> **Data provided**:
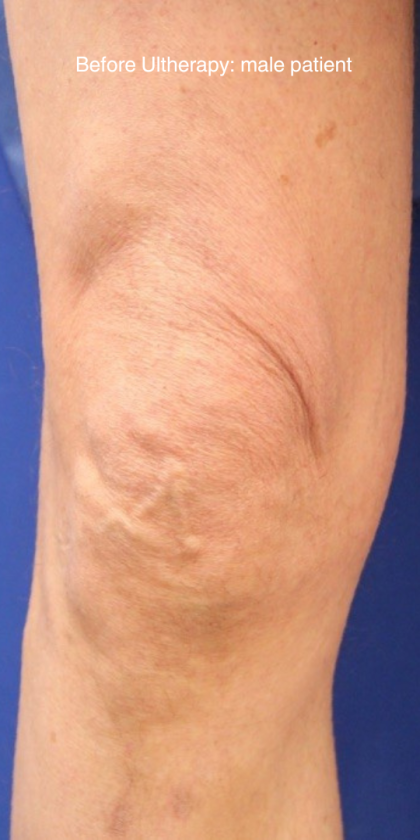 Ultherapy Before & After Patient #15896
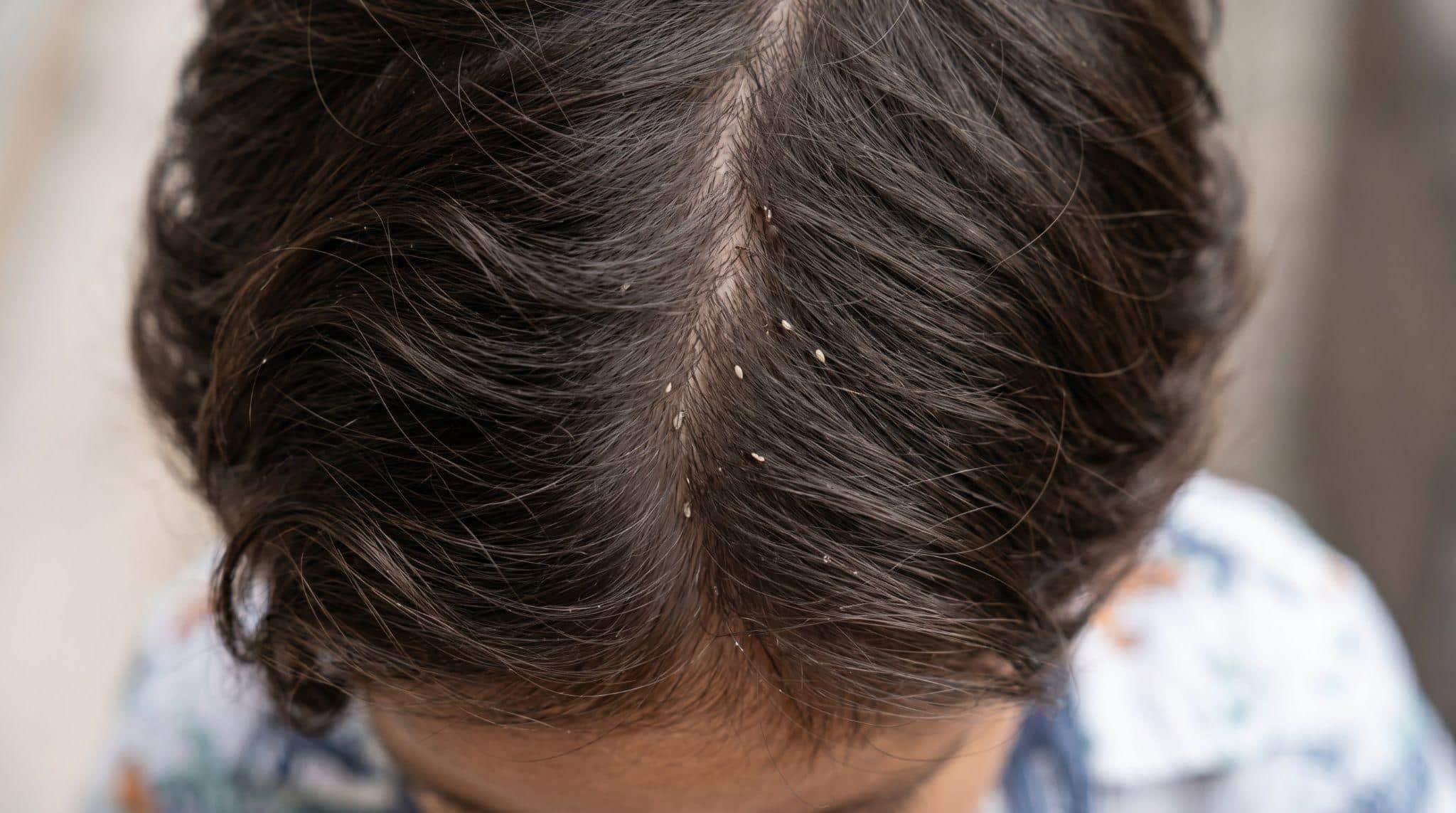 child with nits in hair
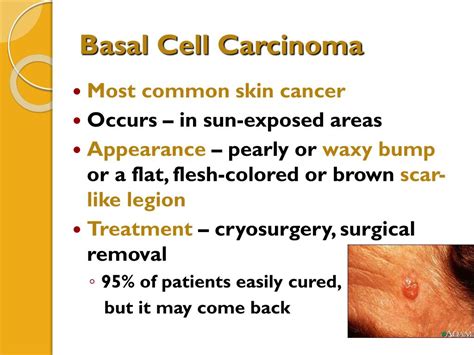 Ppt Integumentary System Part 2 Skin Disorders Powerpoint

> **The problem**:
With pictures left out, transcribe each line from the one containing "child with nits in hair" through the end of the data, both ends included.

> **Response area**:
 child with nits in hair
 Ppt Integumentary System Part 2 Skin Disorders Powerpoint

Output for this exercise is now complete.